Every so often, I hear people talk about a moment in history when they can recall exactly where they were or what they were doing. The JFK assassination, the Berlin Wall, Columbine, you name it.
For me, that moment is September 11th. Every year, I find myself in disbelief that another year has passed so quickly. Just a few years ago it was a decade.
Where I was.
I was at my mother’s house in South New Jersey the morning it happened, getting ready to go help at her store. She called me at home and told me to turn on the television. I freaked out because I had many friends going to school in New York City, right near the towers.
Cell phones were still pretty new at the time, certainly a far cry from anything even close to what we have today. I remember trying to call my friends in New York to no avail, going on AIM chat (remember that?) and seeing away messages of my friends siblings telling them “call home ASAP!” It was surreal and terrifying.
My teammate Scott.
But 9/11 doesn’t hit home every year ’til I think about Scott Rohner. I think about him every year because he died in the attacks that day.

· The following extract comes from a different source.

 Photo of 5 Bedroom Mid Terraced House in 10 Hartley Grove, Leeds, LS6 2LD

Scott and I grew up playing basketball together in 7th grade. His father was our coach in junior high recreational league (I still remember our green uniforms) and we played on our high school team together.
His dad was always a big encourager to me on the basketball court, and Scott was a terrific player. His number has since been retired by our high school and his name adorns the gym. One of my earliest non-basketball memories with him was standing by each other one day after school when two kids were fighting. We thought it was cool.

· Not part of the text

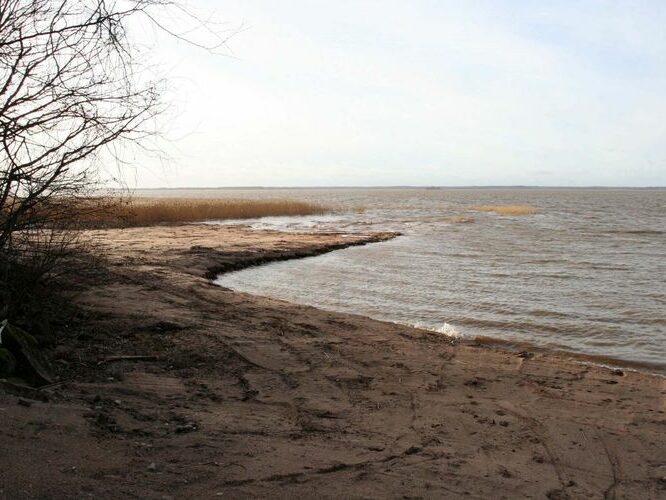 Maakond: Tartumaa Veekogu nimi: Võrtsjärv Pildistamise aeg: jaanuar 2007 Pildistaja: H. Timm Pildistamise koht: Limnoloogia Asimuut:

We didn’t keep in touch after high school (Facebook didn’t exist back then) and I didn’t even know where he went to college. The next time I heard of him was on 9/11. Scott got a job in the towers just one month before that day. When I think about how young he was when he died and that he had just taken a job there, it messes with me a lot.
He was only 22.
I thought about writing about Scott the past few years but never did because I didn’t know if it was appropriate. We weren’t that close, after all. Or perhaps it’s because his killer was still at large. I suppose getting bin Laden brought a bit of closure, but it doesn’t.

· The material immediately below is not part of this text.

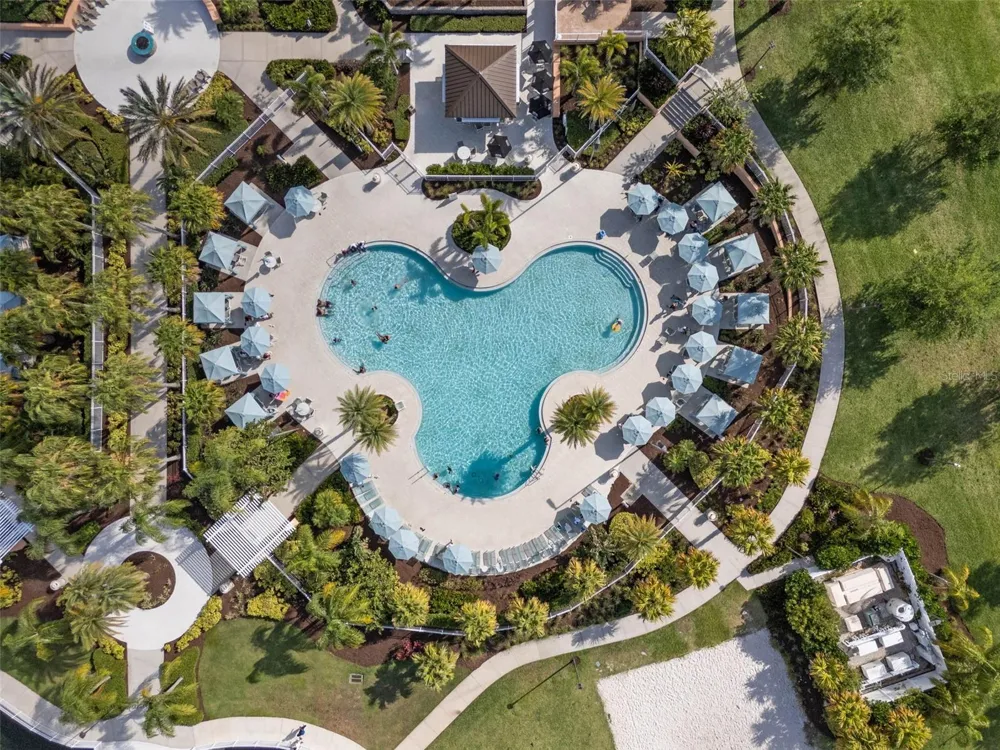 1633 NASSAU POINT TRAIL Kissimmee, FL 34747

Every year, 9/11 reminds me that I’ve lived one more year that Scott hasn’t. It’s very sobering and strange and surreal. Still.
18 years Scott didn’t have.
If there’s anything I take away from Scott’s life, it’s really to live life and impact the people I meet. I’ve had 18 more years than he did to do so. That number is hard to fathom. I wrote this piece six years ago, and even then it was “12 years Scott didn’t have.”It’s an annual reminder that we only have one life to live. There is no reset button, no do-over, no mulligan.
I don’t mean any disservice to his memory to equate his legacy to a simple reminder of not taking life for granted. It’s just all I’ve got because we weren’t too much more than teammates. But he’s impacted me more in his death than anything we did on a basketball court, in class, or watching an after-school fight.
It makes me think about how I’ve lived. Have I made the world a better place? Lived a life worth living? Made my life count by making others count?
9/11 is a weird date for me. Certainly there’s the terror attacks, and I always think of Scott. It was also the date my marriage officially dissolved, in 2018. (You can’t make this stuff up.) A lot has happened in my life since 2001, yet I don’t feel I’ve made much of a mark on the world during those 18 years.Approximately 3,000 people died in the 9/11 attacks; the impact of their deaths is really immeasurable. I visited Ground Zero recently for the first time since before the attacks, and I just sat there in disbelief.
But I know at least for the people I personally know, Scott’s death has measurably impacted them even if they don’t realize it. Every 9/11, Scott reminds me to make a mark on this world.
I just wish he was around so I could tell him.